Contrary to positional arguments, defaults values can be passed to
`def_node_matcher` and `def_node_search`:
[source,ruby]
----
def_node_matcher :interesting_call?, '(send _ %method ...)',
method: Set[:transform_values, :transform_keys,
:transform_values!, :transform_keys!,
:to_h].freeze
# Usage:
interesting_call?(node) # use the default methods
interesting_call?(node, method: /^transform/) # match anything starting with 'transform'
----
Named parameters as arguments to custom methods are also supported.
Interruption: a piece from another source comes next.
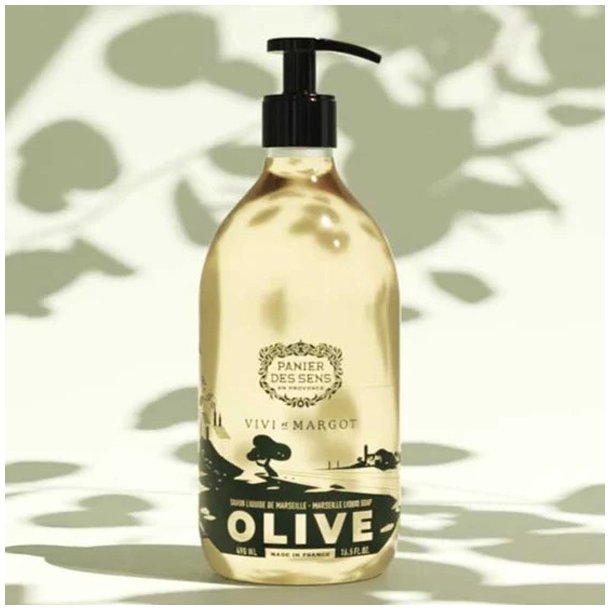 Panier Des Sens oliven marseille sbe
== `CONST` or `%CONST` for constants
Constants can be included in patterns. They will be matched using `===`, so
+Regexp+ / +Set+ / +Proc+ can be used in addition to literals and +Nodes+:
[source,ruby]
----
SOME_CALLS = Set[:transform_values, :transform_keys,
:transform_values!, :transform_keys!,
:to_h].freeze
def_node_matcher :interesting_call?, '(send _ SOME_CALLS ...)'
----
Constants as arguments to custom methods are also supported.
== Comments
You may have comments in node patterns at the end of lines
by preceding them with `'# '`:
[source,ruby]
----
def_node_matcher :complex_stuff, <<~PATTERN
(send
{#global_const?(:Kernel) nil?} # check for explicit call like Kernel.p too
{:p :pp} # let's consider `pp` also
$... # capture all arguments
)
PATTERN
----
== `nil` or `nil?`
Take a special attention to nil behavior:
[source,sh]
----
$ ruby-parse -e 'nil'
(nil)
----
In this case, the `nil` implicit matches with expressions like: `nil`, `(nil)`, or `nil_type?`.
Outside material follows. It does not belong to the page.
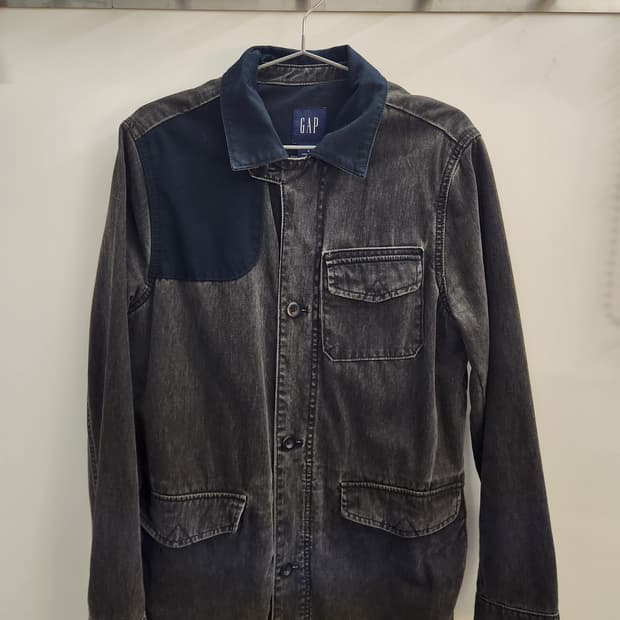 90s GAP 갭 커버올 워크자켓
But, nil is also used to represent a call from `nothing` from a simple method call:
[source,sh]
----
$ ruby-parse -e 'method'
(send nil :method)
----
Then, for such case you can use the predicate `nil?`. And the code can be
matched with an expression like:
----
(send nil? :method)
----
== More resources
Curious about how it works?
Check more details in the
https://www.rubydoc.info/gems/rubocop-ast/RuboCop/AST/NodePattern[documentation]
or browse the https://github.com/rubocop/rubocop-ast/blob/master/lib/rubocop/ast/node_pattern.rb[source code]
directly. It's easy to read and hack on.
The https://github.com/rubocop/rubocop-ast/blob/master/spec/rubocop/ast/node_pattern_spec.rb[specs]
are also very useful to comprehend each feature.